Ta-Nehisi Coates: Black Panther Vol. 1
May. 18th, 2017 01:54 am![[personal profile]](https://www.dreamwidth.org/img/silk/identity/user.png)
Ta-Nehisi Coates' re-imagining of the black comic hero the Black Panther, is thoughtful, exciting, deeply political.
Vol 1 of Black Panther, titled A Nation Under Our Feet, delivers us into a country in great turmoil. Previous writers - as I learn from various summaries on the Internet - have left the series a legacy of contradictions and tragedies. The country of Wakanda, a technologically advanced African society largely hidden from the rest of the world, ruled by a long line of absolute monarchs with mystical powers able to become the Black Panther. An orphaned king who left his people to be a superhero to the outside world, bringing the destructive wrath of evil supervillains down on the country he left in the hands of others.

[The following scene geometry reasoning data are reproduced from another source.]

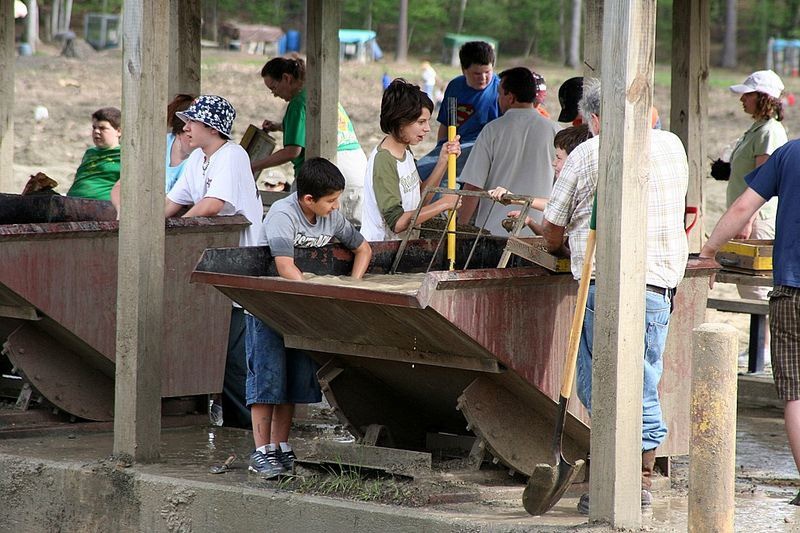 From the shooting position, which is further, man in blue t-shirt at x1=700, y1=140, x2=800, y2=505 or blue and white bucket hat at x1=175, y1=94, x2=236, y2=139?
blue and white bucket hat at x1=175, y1=94, x2=236, y2=139

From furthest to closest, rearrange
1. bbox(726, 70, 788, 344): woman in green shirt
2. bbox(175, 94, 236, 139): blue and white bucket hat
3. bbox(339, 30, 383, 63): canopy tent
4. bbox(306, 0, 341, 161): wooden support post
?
bbox(339, 30, 383, 63): canopy tent
bbox(726, 70, 788, 344): woman in green shirt
bbox(306, 0, 341, 161): wooden support post
bbox(175, 94, 236, 139): blue and white bucket hat

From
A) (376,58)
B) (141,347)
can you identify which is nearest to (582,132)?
(141,347)

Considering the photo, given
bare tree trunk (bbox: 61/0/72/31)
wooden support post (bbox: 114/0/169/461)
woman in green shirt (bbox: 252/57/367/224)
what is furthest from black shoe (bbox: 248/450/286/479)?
bare tree trunk (bbox: 61/0/72/31)

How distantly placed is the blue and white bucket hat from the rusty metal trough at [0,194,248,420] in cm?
51

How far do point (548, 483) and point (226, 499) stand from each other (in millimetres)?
1567

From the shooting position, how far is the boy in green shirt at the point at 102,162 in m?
9.18

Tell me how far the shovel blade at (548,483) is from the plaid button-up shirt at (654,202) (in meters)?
0.80

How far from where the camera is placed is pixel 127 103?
22.9 ft

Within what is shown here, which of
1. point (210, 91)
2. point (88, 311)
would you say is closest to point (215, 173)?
point (88, 311)

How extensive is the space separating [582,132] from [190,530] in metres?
2.57

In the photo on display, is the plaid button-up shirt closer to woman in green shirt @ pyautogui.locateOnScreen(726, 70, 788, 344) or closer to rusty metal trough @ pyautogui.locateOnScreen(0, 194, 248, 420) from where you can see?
rusty metal trough @ pyautogui.locateOnScreen(0, 194, 248, 420)

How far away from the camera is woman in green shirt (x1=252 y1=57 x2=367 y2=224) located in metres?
10.3

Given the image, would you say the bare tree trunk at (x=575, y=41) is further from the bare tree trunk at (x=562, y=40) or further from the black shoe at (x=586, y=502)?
the black shoe at (x=586, y=502)

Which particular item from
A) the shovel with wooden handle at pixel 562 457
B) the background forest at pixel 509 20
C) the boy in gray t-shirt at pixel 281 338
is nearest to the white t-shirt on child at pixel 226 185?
the boy in gray t-shirt at pixel 281 338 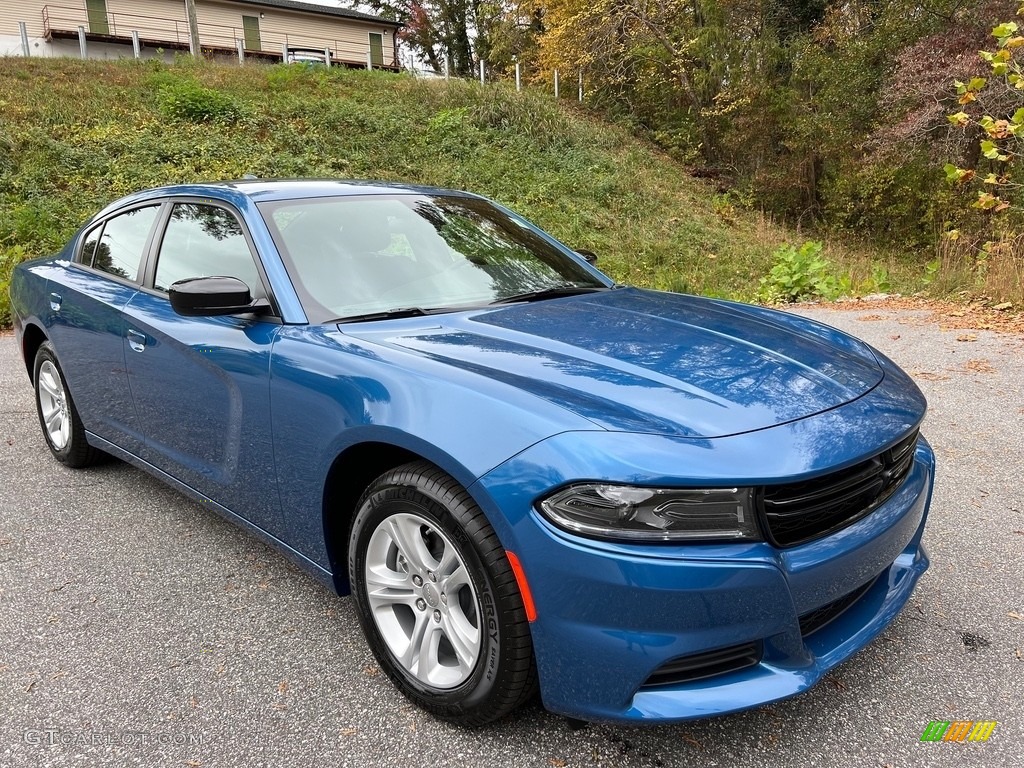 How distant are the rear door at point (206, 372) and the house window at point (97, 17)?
3583 centimetres

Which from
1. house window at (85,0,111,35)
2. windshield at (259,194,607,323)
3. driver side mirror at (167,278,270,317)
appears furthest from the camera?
house window at (85,0,111,35)

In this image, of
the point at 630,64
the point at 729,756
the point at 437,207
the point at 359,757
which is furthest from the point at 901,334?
the point at 630,64

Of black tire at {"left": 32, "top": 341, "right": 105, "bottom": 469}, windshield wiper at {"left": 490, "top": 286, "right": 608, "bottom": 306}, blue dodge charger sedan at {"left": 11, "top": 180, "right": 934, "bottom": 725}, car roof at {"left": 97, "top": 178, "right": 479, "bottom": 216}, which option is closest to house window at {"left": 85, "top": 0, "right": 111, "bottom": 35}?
black tire at {"left": 32, "top": 341, "right": 105, "bottom": 469}

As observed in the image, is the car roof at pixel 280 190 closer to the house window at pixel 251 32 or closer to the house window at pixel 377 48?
the house window at pixel 251 32

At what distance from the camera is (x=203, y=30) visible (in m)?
34.8

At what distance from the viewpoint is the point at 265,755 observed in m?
1.98

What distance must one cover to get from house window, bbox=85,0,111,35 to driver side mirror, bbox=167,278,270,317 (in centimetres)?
3662

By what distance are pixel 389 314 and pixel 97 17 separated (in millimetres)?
37681

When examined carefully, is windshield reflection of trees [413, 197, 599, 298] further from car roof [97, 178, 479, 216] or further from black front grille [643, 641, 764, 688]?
black front grille [643, 641, 764, 688]

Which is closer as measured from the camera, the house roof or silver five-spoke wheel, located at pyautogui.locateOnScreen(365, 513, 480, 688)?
silver five-spoke wheel, located at pyautogui.locateOnScreen(365, 513, 480, 688)

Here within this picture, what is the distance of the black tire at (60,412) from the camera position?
3.92 m

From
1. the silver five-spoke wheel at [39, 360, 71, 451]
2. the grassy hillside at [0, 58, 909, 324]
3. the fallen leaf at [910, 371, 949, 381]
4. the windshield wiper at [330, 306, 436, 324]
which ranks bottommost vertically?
the fallen leaf at [910, 371, 949, 381]

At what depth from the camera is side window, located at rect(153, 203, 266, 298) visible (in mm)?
2811

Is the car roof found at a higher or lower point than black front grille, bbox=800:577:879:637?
higher
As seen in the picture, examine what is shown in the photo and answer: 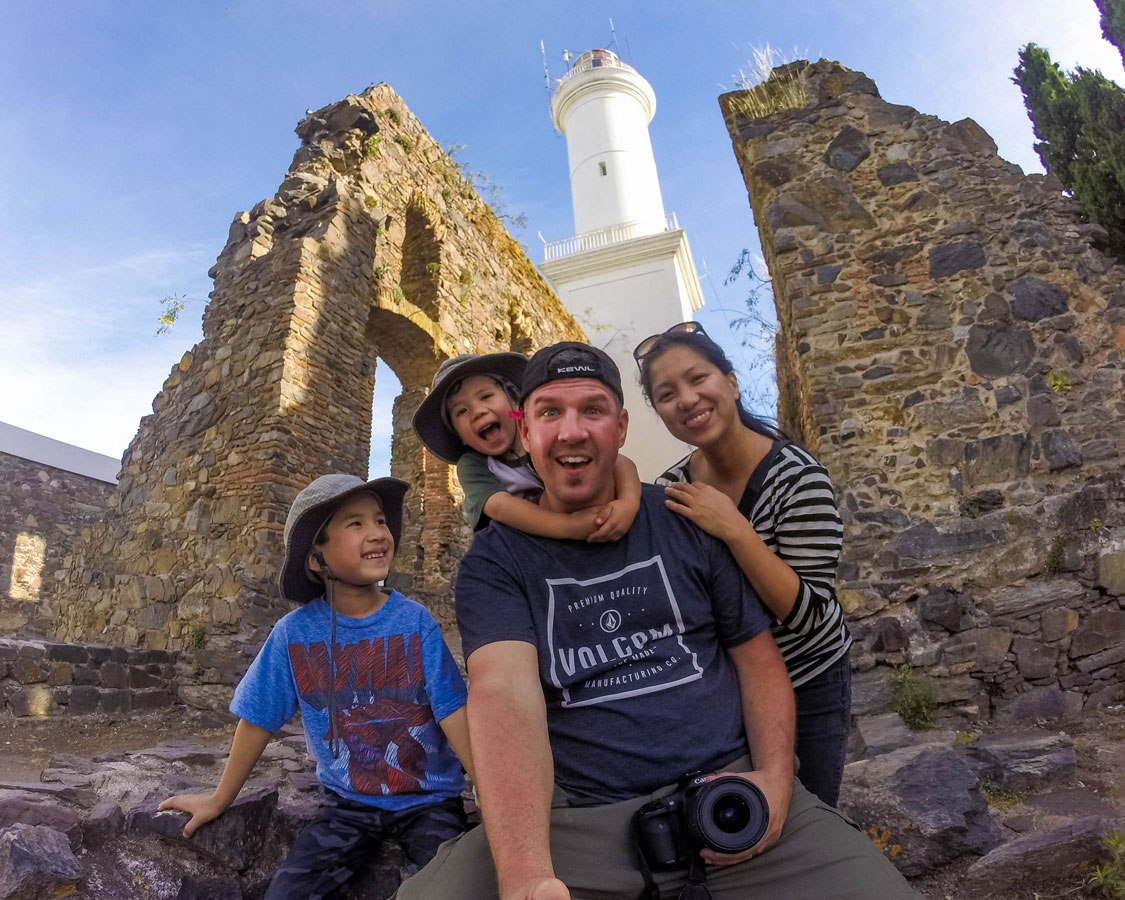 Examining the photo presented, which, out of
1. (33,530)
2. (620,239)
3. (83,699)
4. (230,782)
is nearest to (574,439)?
(230,782)

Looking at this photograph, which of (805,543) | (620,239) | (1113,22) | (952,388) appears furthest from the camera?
(620,239)

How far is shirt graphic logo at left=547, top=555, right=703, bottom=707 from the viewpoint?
148cm

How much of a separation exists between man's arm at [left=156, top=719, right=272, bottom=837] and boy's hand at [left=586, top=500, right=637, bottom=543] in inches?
47.6

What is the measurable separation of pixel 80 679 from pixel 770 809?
17.0 ft

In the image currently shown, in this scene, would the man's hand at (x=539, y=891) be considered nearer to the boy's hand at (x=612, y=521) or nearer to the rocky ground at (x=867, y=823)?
the boy's hand at (x=612, y=521)

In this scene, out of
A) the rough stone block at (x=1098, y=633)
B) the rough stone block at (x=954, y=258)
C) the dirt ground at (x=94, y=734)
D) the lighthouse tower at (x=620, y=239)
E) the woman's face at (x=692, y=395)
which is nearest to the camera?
the woman's face at (x=692, y=395)

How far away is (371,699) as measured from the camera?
6.80 feet

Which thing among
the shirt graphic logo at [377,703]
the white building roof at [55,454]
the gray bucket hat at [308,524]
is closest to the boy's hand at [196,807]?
the shirt graphic logo at [377,703]

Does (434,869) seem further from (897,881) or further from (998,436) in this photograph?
(998,436)

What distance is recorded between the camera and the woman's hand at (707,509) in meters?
1.60

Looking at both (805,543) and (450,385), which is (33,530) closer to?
(450,385)

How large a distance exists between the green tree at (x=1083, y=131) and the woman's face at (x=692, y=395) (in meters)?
5.00

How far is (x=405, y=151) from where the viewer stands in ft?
27.9

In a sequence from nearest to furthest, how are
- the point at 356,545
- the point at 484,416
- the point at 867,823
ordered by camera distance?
the point at 356,545, the point at 867,823, the point at 484,416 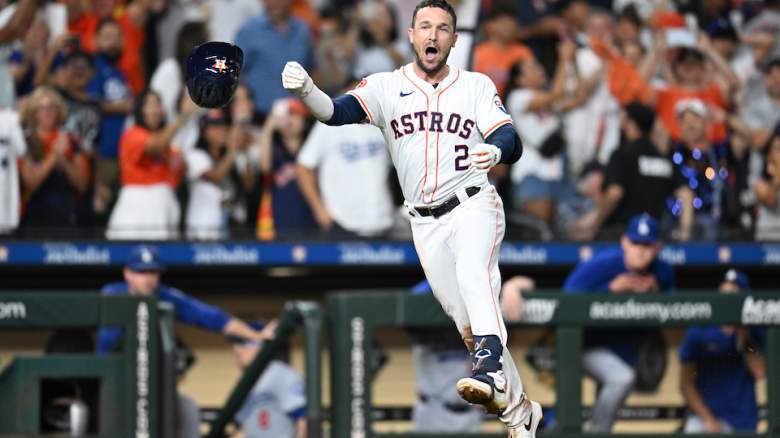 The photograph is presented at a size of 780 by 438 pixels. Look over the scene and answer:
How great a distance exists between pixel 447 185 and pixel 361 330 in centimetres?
288

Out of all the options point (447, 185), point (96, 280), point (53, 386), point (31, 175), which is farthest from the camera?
point (96, 280)

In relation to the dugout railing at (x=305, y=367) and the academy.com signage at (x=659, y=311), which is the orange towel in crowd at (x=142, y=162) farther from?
the academy.com signage at (x=659, y=311)

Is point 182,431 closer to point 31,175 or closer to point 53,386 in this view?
point 53,386

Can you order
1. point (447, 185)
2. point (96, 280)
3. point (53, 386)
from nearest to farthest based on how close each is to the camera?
point (447, 185) → point (53, 386) → point (96, 280)

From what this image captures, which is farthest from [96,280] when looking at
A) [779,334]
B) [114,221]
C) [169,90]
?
[779,334]

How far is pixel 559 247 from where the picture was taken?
1071cm

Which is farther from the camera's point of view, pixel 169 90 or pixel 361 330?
pixel 169 90

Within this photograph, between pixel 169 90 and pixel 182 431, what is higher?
pixel 169 90

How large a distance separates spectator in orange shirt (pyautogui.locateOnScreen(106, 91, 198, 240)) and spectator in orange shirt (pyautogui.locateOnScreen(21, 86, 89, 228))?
29cm

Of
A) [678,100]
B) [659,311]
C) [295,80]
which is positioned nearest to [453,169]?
[295,80]

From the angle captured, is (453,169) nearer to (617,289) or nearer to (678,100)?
(617,289)

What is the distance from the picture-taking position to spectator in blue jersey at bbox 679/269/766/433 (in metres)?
8.39

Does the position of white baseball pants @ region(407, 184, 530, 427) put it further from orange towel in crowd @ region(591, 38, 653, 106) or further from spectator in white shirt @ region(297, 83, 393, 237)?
orange towel in crowd @ region(591, 38, 653, 106)

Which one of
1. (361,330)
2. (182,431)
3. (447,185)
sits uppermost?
(447,185) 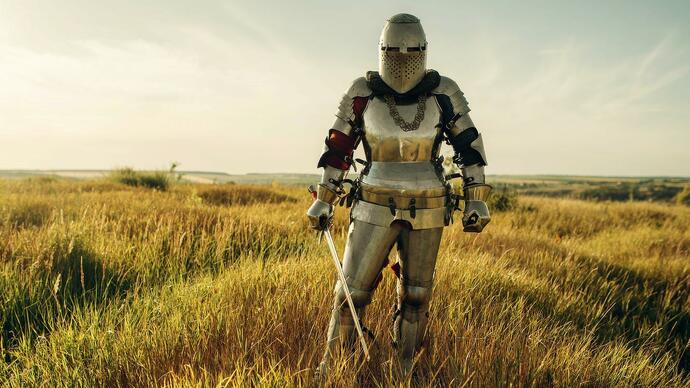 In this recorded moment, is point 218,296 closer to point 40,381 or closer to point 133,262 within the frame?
point 40,381

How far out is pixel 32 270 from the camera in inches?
124

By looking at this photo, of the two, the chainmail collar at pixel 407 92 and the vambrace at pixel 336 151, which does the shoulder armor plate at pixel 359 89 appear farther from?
the vambrace at pixel 336 151

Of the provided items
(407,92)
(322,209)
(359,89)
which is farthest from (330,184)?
(407,92)

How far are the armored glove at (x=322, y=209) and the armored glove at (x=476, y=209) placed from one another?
0.76 m

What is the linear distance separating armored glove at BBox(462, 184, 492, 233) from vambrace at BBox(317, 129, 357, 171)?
0.72m

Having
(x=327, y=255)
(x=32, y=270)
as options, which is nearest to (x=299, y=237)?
(x=327, y=255)

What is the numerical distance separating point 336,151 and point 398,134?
368mm

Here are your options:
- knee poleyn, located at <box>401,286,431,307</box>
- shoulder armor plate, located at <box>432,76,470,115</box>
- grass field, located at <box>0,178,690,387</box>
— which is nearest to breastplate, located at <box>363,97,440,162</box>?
shoulder armor plate, located at <box>432,76,470,115</box>

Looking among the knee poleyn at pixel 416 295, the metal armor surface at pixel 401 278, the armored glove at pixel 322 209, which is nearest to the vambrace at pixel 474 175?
the metal armor surface at pixel 401 278

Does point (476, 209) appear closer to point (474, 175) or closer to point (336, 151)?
point (474, 175)

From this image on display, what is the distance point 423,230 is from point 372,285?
0.41 metres

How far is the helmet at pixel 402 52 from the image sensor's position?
2.34m

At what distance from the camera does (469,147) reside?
2494 millimetres

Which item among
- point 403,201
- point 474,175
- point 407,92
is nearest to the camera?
point 403,201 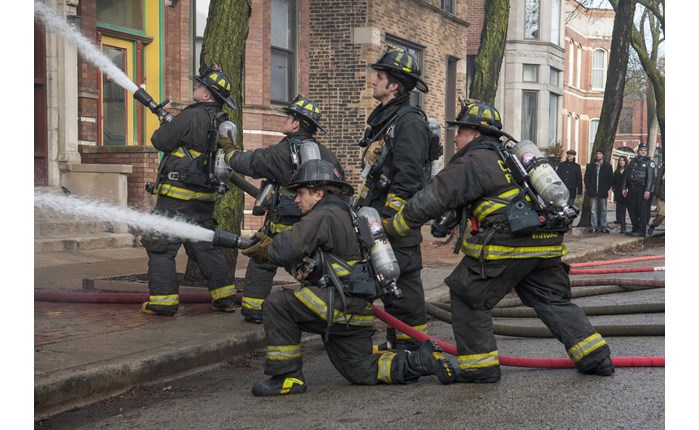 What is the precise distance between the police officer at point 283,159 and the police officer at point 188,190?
49 cm

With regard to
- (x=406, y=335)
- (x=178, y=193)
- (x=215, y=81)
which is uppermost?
(x=215, y=81)

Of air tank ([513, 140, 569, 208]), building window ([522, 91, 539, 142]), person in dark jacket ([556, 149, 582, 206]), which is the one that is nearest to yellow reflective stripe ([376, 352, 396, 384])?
air tank ([513, 140, 569, 208])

Coates begins with a Wakanda in chaos. Unrest, rebellion, revolution threaten. The king, T'Challa, is here no wise and benevolent king, but a confused and conflicted man, not understanding why his people are at war with each other, and with him. The first novel casts T'Challa as, in fact, the 'bad guy' by default, because of his lack of comprehension, his lack of connection to his people. The various rebels seem on the side of good - especially the two renegade warriors Ayo and Aneka. Formerly members of the king's elite, all-female bodyguard (shades of the Dahomey warrior-wives of the king), they have become vigilantes fighting against a brutal leader in northern Wakanda whose regime is one of enslavement and rape of women. It is in this subplot that we most clearly see that T'Challa - and his advisors and military leaders and others of the royal faction - are completely out of touch with the situation of the people, and trapped in an out-moded mythos in which the king's word is unquestioned law, and tradition outweighs true justice. If T'Challa is to learn to become both leader and hero, he has a long way to go.
The artwork, by Brian Stelfreeze, is strong and powerful, with appropriate touches of a softer and more mystical style when the subject matter demands it.